I got one other unexpected gift, thanks to Jenny, one of the friends I met while teaching at BHS. Jenny went into the super-cold pool - the one I'd dipped my toe into and said, "NO WAY!" because it was so cold - and had such a smile as she did it. I offered her some question like "Are you crazy?" and she explained that the heat followed by the cool felt so soothing. Soothing? How do you get to that? She said that she relied on her childbirth teachings, and went towards the cold instead of shrinking from it, and that she embraced it by breathing deeply. Ohhhh - old lessons that I had forgotten. With this reminder, I inhaled, set feet in the pool, and exhaled. I walked in, still breathing deeply, up to my neck. I submerged myself under the waterfall, my body surrounded by the cold water. It was incredible! It was like summoning my center, reminding myself of my own strength, reminding myself how much control I really did have over my body. I was not a victim, I was a powerhouse. For this reminder, I am deeply, deeply grateful. I don't have to remind anyone reading this how fortunate that reminder is this weekend, as I face what is ahead.

(Yes, I'll go back. Wanna come? And really, set aside your body worries. There are women of every size, shape, age, and color. To me, they were all beautiful - from the gaunt to the round, from young to old, from milky white to ebony black, from smooth to wrinkled. I envied each and every one of them those two circles on their chests - brown or pink, large or small, pronounced or hidden - and thought how beautiful health was.)
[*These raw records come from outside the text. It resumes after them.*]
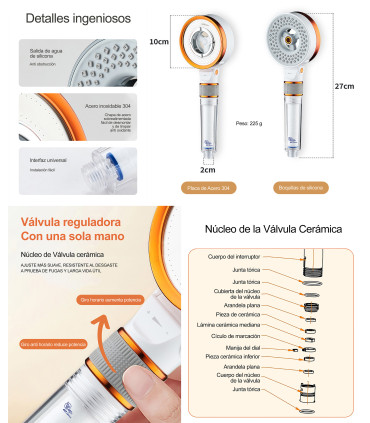 Alcachofa Doble Cara Oxigenación Qin CC-FM003 | Sobrealimentada | Mejora la Limpieza y Desengrasado | Incluye Filtro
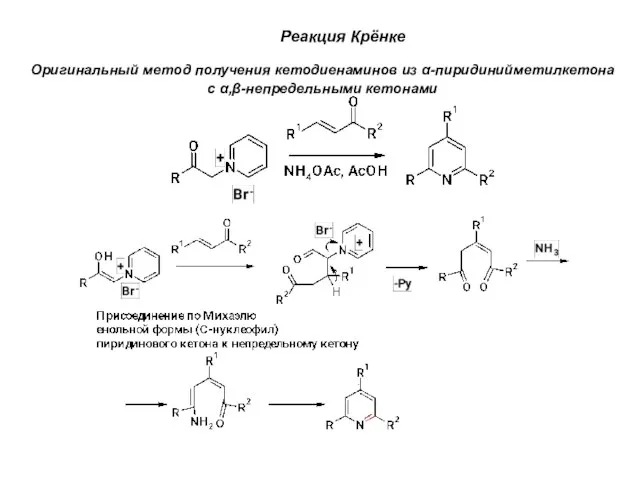 Реакция Крёнке Оригинальный метод получения кетодиенаминов из α-пиридинийметилкетона с α,β-непредельными кетонами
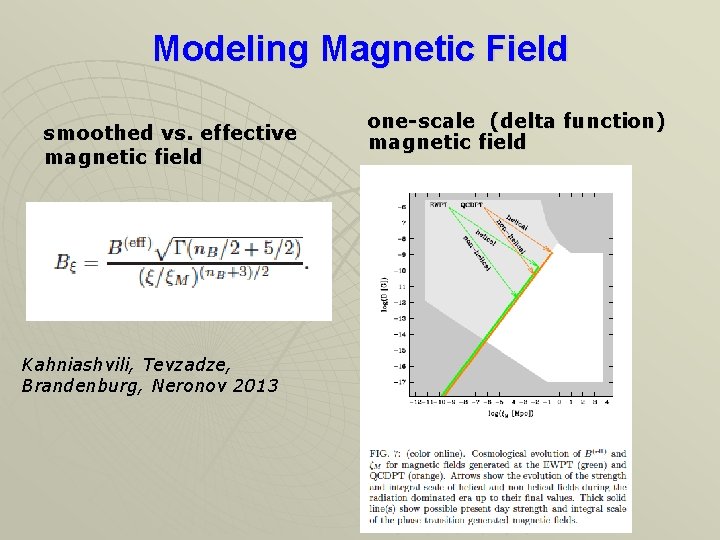 Modeling Magnetic Field smoothed vs. effective magnetic field Kahniashvili, Tevzadze, Brandenburg, Neronov 2013 one-scale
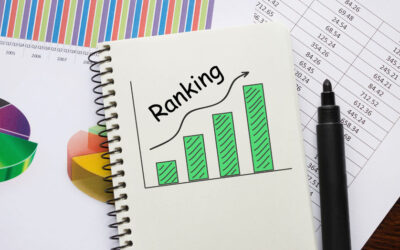 How Social Media Impacts Your Search Rankings
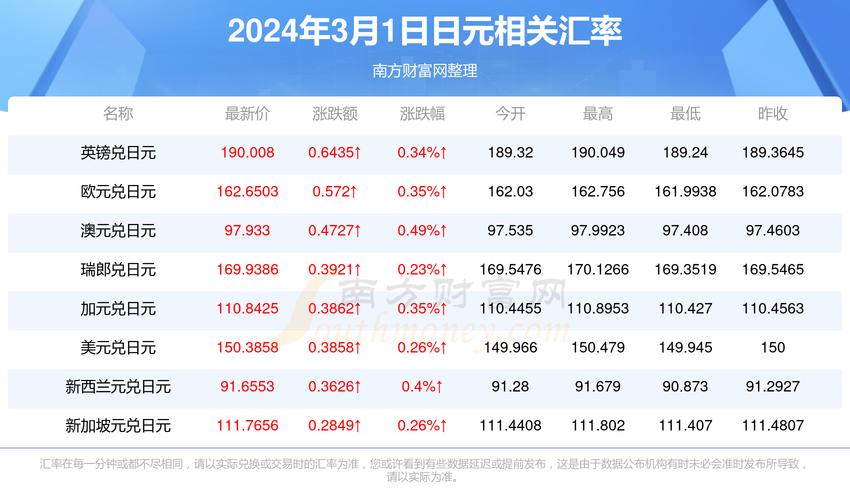 邮储银行日元汇率解析，洞悉货币转换的深层奥秘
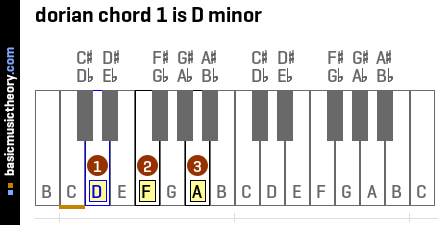 Piano Chord Formula Chart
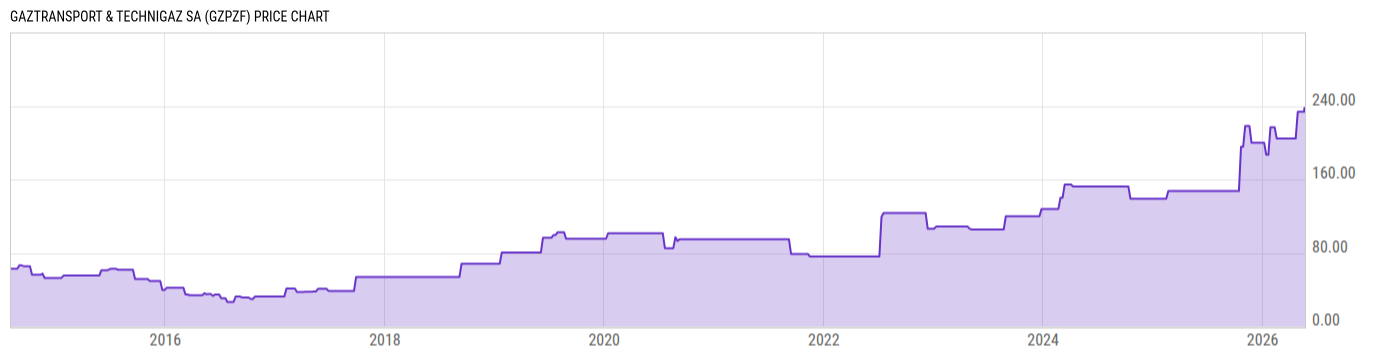 Price Chart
So today I will try to take that with me into the coming week. I am less concerned about surgery - although let's face it I'm not looking forward to it - and more about results. I've played out every possible scenerio in my head, including some morbid ones that I won't get into. But I am determined to face my life head on, whatever my life gives me. (Thank you, Lisa Prisco, for teaching me about that.)

I will continue freaking out, but I've got some calm mixed in, too. Today I will do chores like change the sheets, stock some groceries, tidy things up....but really, I think I am prepared for tomorrow's surgery.

Thank you for your continued thoughts, wishes, prayers, white light, karma, and love.